Summer Street Secrets (The Hills of Burlington Book 3) Page 9
She tilted her head to the side. She could count on one hand the number of times she'd heard those two words from her former husband. "Why?"
Because he sensed the question was a serious one Court took a moment to answer it the same way. "Because you seemed so happy, I don't know... peaceful might be a better word for how you looked there for a moment. Wherever...whenever you'd gone I guess I'm sorry I took you away from it."

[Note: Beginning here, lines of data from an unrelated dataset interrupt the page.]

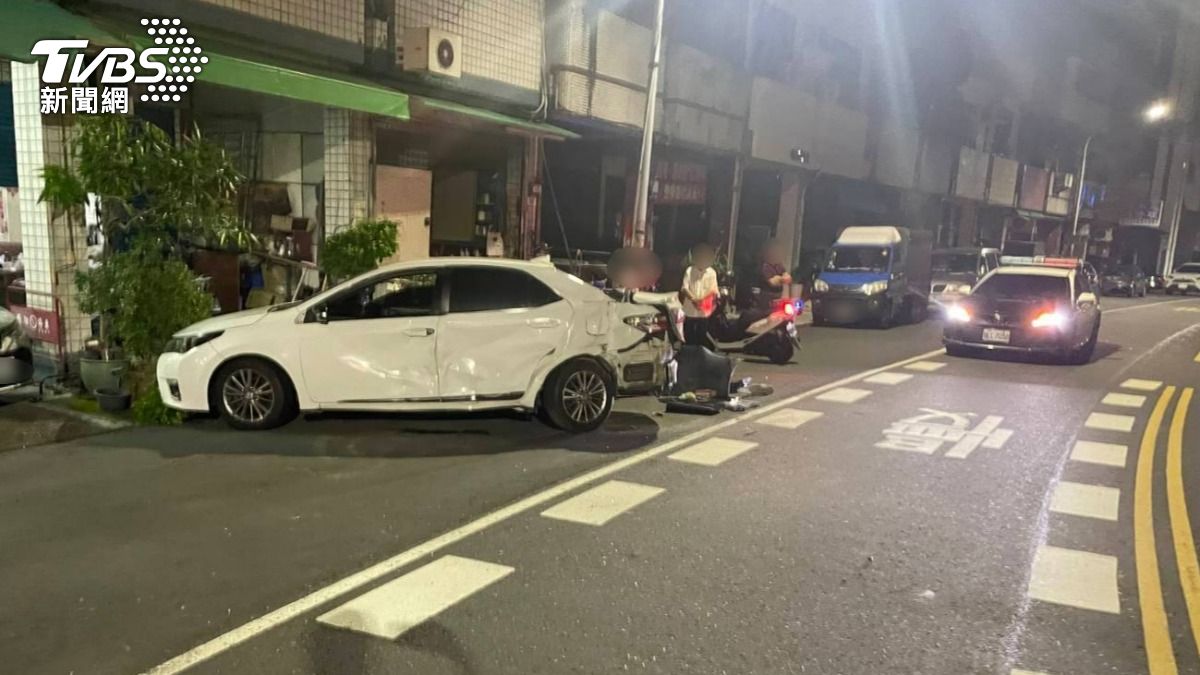 有片/高雄暗夜巨響!逆向撞爆民宅甩尾 酒駕男落跑秒被逮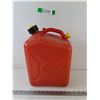 Image 1 : 2.5 US Gallon Gasoline Jug, Pickup Only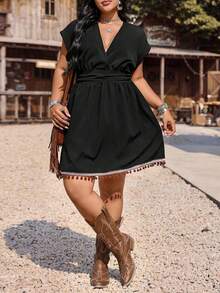LanaWest CURVE CURVE Plus Size Women Spring/Summer Casual Solid Color Ruched V-Neck Flounce Patchwork Mini Dress, Suitable For Daily Wear - Black - View 7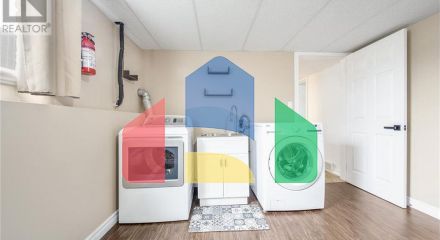 Residential - Single Family Home - Blenheim, Canada - Canada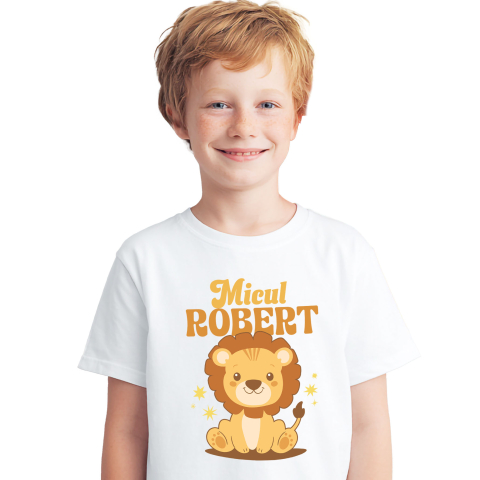 Copii - Tricou Femei, Barbati, Copii, Fata, Baiat, Unisex Personalizat Leu Vesel Animat pentru Copii – „Micul Robert” – Cadou Personalizat pentru Băieți și Copii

Carrie simply stared at him. She had absolutely no clue what to say. And in that moment as she realized he really wasn't anything like Nick she also made a promise to herself that making those kind of comparisons was going to end here and now. They weren't fair to her. And they certainly weren't fair to the man sitting across from her in the car. And since she still couldn't think of how to respond she opened the door to get out.
As he led her into the house through the back door Court still hadn't completely figured out how to tell her what he had only shared with Grace the night before. And, he remembered, asked her to give him twenty four hours to tell Carrie on his own. He knew he'd taken Grace off guard but surprisingly she hadn't reacted as expected. And since he’d had some idea of her own history and deep desire to maintain her own privacy when it came to her life prior to moving to Burlington it made sense she would better understand his own desire for privacy than he'd realized.
"This is lovely, Court. Did you do this yourself?"
He turned to see Carrie running her hand almost religiously over the intricately carved woodwork that covered the walls of the room off his kitchen. While he suspected it had been meant and probably used as a dining room he used it for his office. The huge antique roll-top desk along the back wall housed his computer equipment that he used primarily for the very reason he'd asked her here.
"It's original to the house but I did some work when I first moved in to bring it back to life. Not that it had been neglected but it had lost its glow I guess you could say."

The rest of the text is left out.